Segment Start: Data shown

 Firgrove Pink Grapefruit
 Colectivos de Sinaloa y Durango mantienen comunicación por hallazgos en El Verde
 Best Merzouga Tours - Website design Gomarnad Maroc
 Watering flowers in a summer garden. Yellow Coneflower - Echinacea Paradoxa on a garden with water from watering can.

Segment End: Data shown
Segment Start: Data shown

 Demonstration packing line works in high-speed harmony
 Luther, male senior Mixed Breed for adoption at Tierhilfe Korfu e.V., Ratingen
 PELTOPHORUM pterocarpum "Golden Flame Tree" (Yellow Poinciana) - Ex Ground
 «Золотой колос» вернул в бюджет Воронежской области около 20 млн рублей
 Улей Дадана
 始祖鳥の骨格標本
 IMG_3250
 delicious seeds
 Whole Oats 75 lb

Segment End: Data shown
Segment Start: Data shown

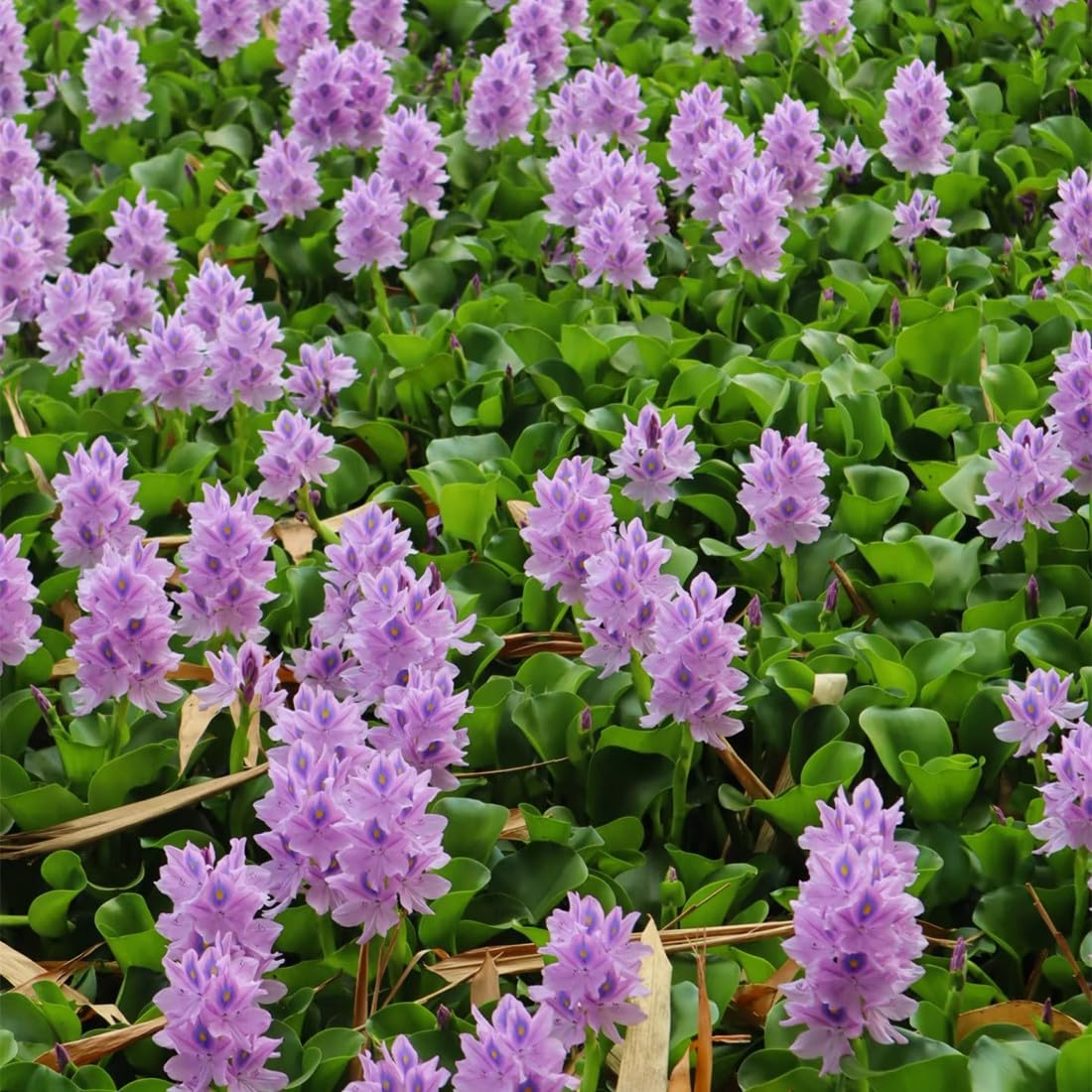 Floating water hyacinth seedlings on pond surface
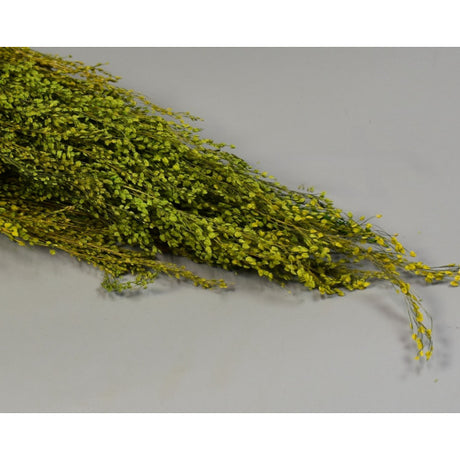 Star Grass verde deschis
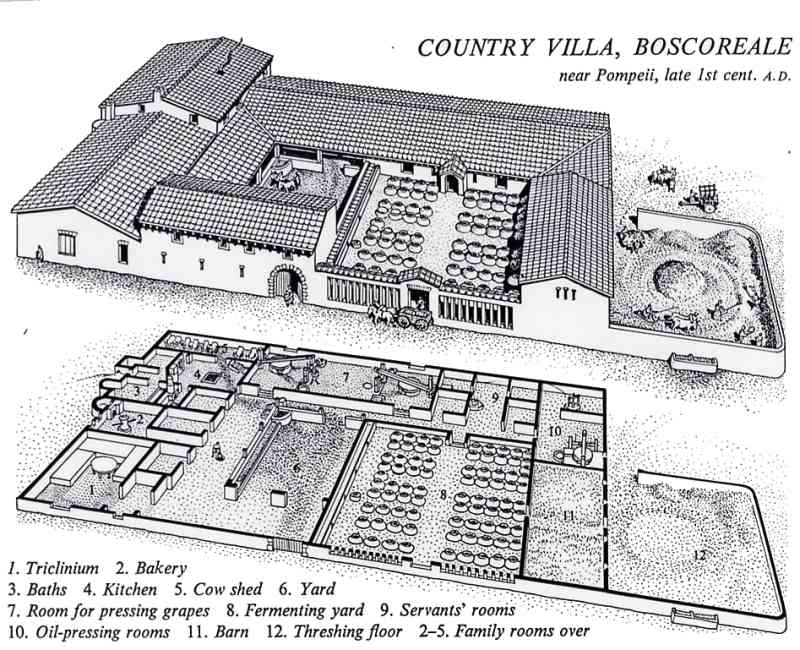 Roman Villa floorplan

Segment End: Data shown

• [Your assignment] Could you restate, word for word, the lines above from the one with "- Ex Ground" to the one with "Whole Oats 75 lb", both included?

• [Written answer]
 PELTOPHORUM pterocarpum "Golden Flame Tree" (Yellow Poinciana) - Ex Ground
 «Золотой колос» вернул в бюджет Воронежской области около 20 млн рублей
 Улей Дадана
 始祖鳥の骨格標本
 IMG_3250
 delicious seeds
 Whole Oats 75 lb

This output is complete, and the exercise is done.